By FARA AISYAH / Graphic by TMR
The government should restrain from providing more credit support for homebuyers, said Institute for Democracy and Economic Affairs (IDEAS) senior fellow Dr Carmelo Ferlito.
He said the easing of housing loan requirements proposed by the government will only prolong the property bubble that is expected to burst soon.
“If the government pushes through the policy of relaxing loans as it promised a few weeks ago, it will only prolong the bubble and keep property prices high. Developers will think the government is supporting them and that people would not mind to buy properties, so they don’t have to hold the price,” Ferlito told The Malaysian Reserve yesterday.
“The bubble will burst later anyway, but when it finally does, things will get worse because Malaysians will be highly in debt. Currently, 84% of the country’s gross domestic product is household debt, so they are already in fragile financial situations,” he added.
Ferlito added that by lending more money, people who are in debts would be even more at risk when the financial crisis hits the country.
Unsold residential properties in Malaysia rose to a record high of 24,738 units in 2017 — valued at RM15.6 billion — as the country continues to grapple with the overhang issue that could negatively impact the financial system.
The value of the unsold homes — which do not include service apartments and SOHO (small office/home office) units — is 82.8% higher than a year ago, risking the sector to systemic impact in the event of financial shocks.
Bank Negara Malaysia had also sounded its alarm bells over the property glut.
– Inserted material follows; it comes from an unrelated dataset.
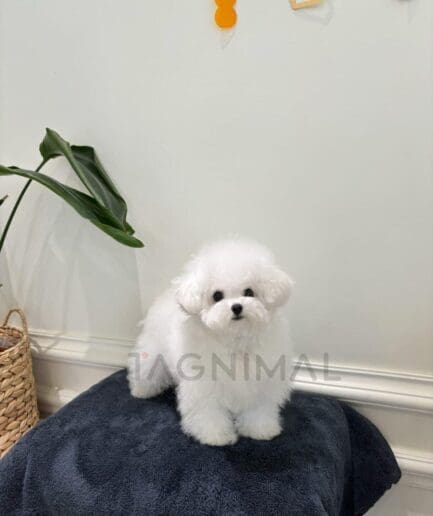 Cute white fluffy dog sitting on gray blanket indoors with plant and cozy home decor.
In its 2017 annual report, the central bank said there were 129,052 unsold housing units at the end of the third quarter of 2017 compared to 146,497 units at the end of the first half of 2017.
More than 80% of the unsold units were priced at RM250,000 and above.
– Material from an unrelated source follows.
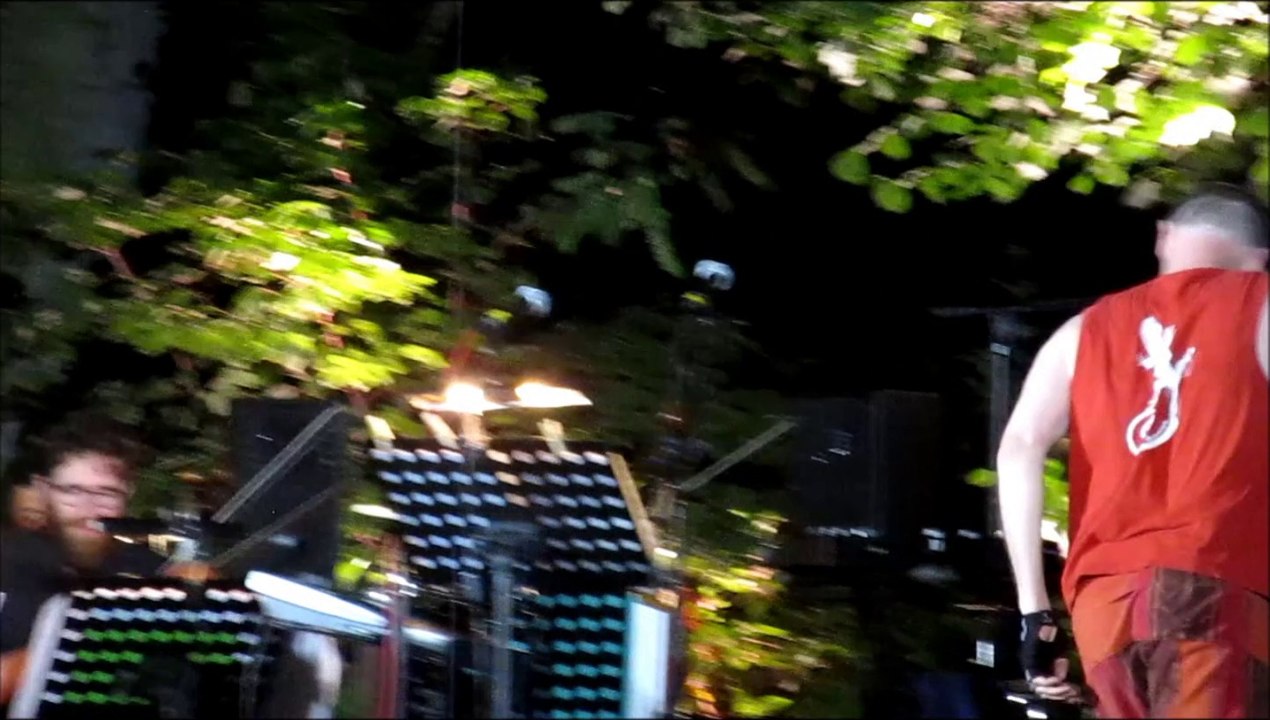 MEDERIC COLLIGNON - KING CRIMSON IN JAZZ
Meanwhile, Ferlito said in a statement on Tuesday that the high involvement of government agencies in the affordable housing market risks crowding out private initiatives and preventing the necessary restructuring from taking place.
“It is important to let the bubble to burst; too much credit will only delay the bursting, keeping prices artificially high and putting at risk the financial solvency of buyers.
“Without credit support, the crisis will happen faster and force both capital restructuring and prices to move downwards,” he added.